Communication through the physical human body is a language of its own. The eyes can reflect emotions that aren’t said out loud. Our mouths not only bring our learned language to life, but carve genuine expression. Our legs cross, bend, and point when depending on how close we are with someone. Every part of the human body can communicate and express a story. For Jackson Shaner, his hands sculpt the emotions he wishes to share.
Charles Townes Center

Every artist starts somewhere. For Jackson Shaner, that somewhere was the Charles Townes Center in South Carolina, where, in the fourth grade, he first discovered the magic of clay. Like a cat to yarn, he was instantly drawn in.

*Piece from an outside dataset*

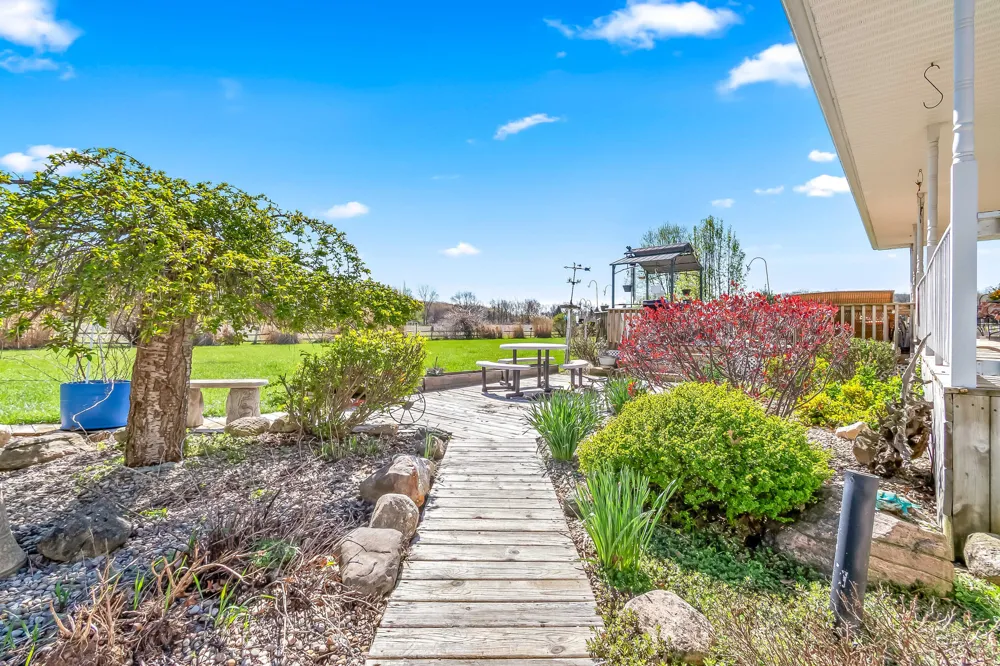 320 Jonesville Road Jonesville City, MI 49250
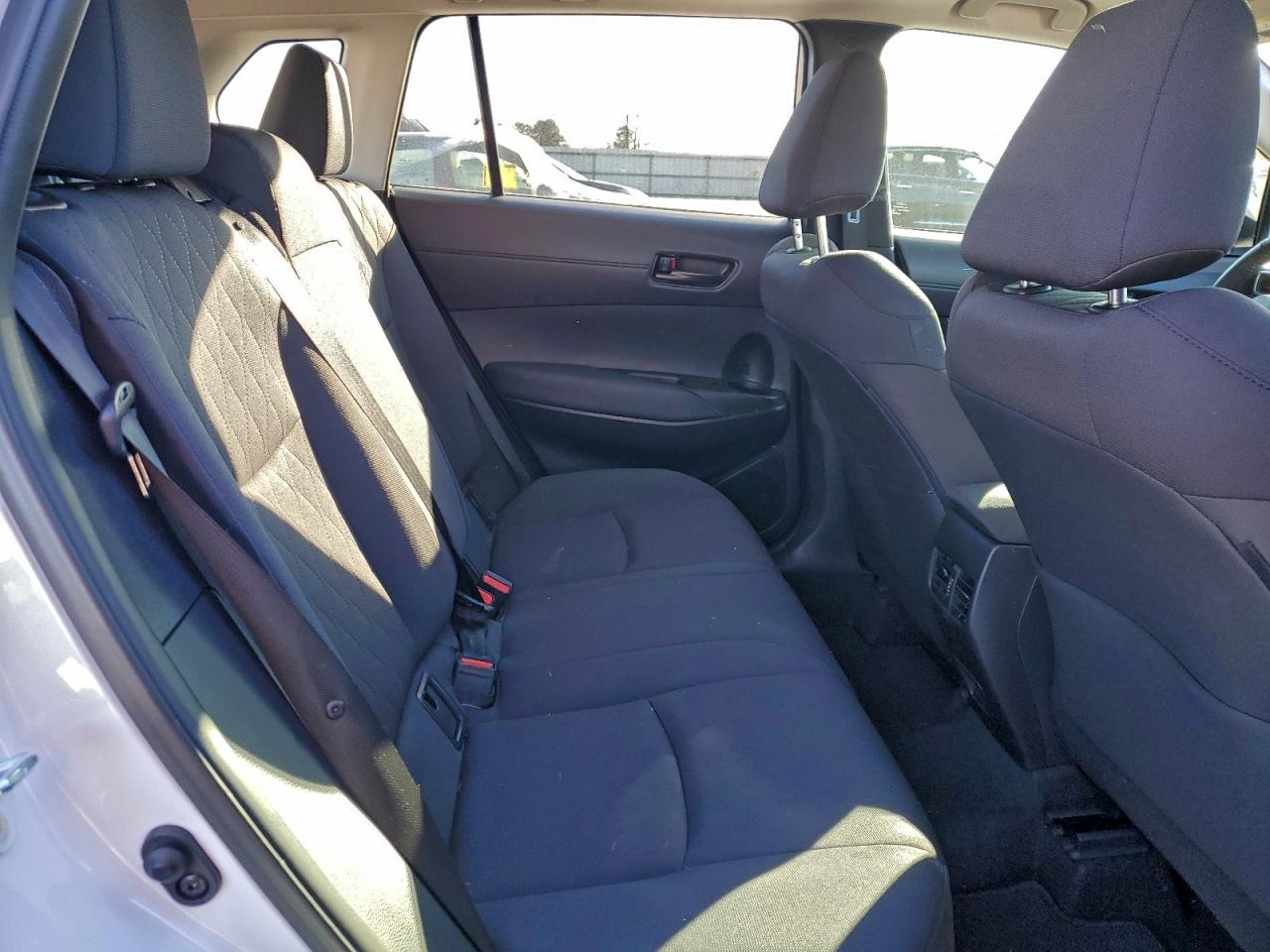 2024 TOYOTA COROLLA CROSS LE photo 21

That passion only grew stronger as he moved into high school, where access to more materials deepened his love for ceramics.
But as is often the case for those pulled toward creative paths, Shaner found himself caught in what I like to call the artist’s dilemma: How do you pursue a creative life without sacrificing your ability to make a living? At the same time, he wrestled with an equally pressing concern—the idea of art as commodity.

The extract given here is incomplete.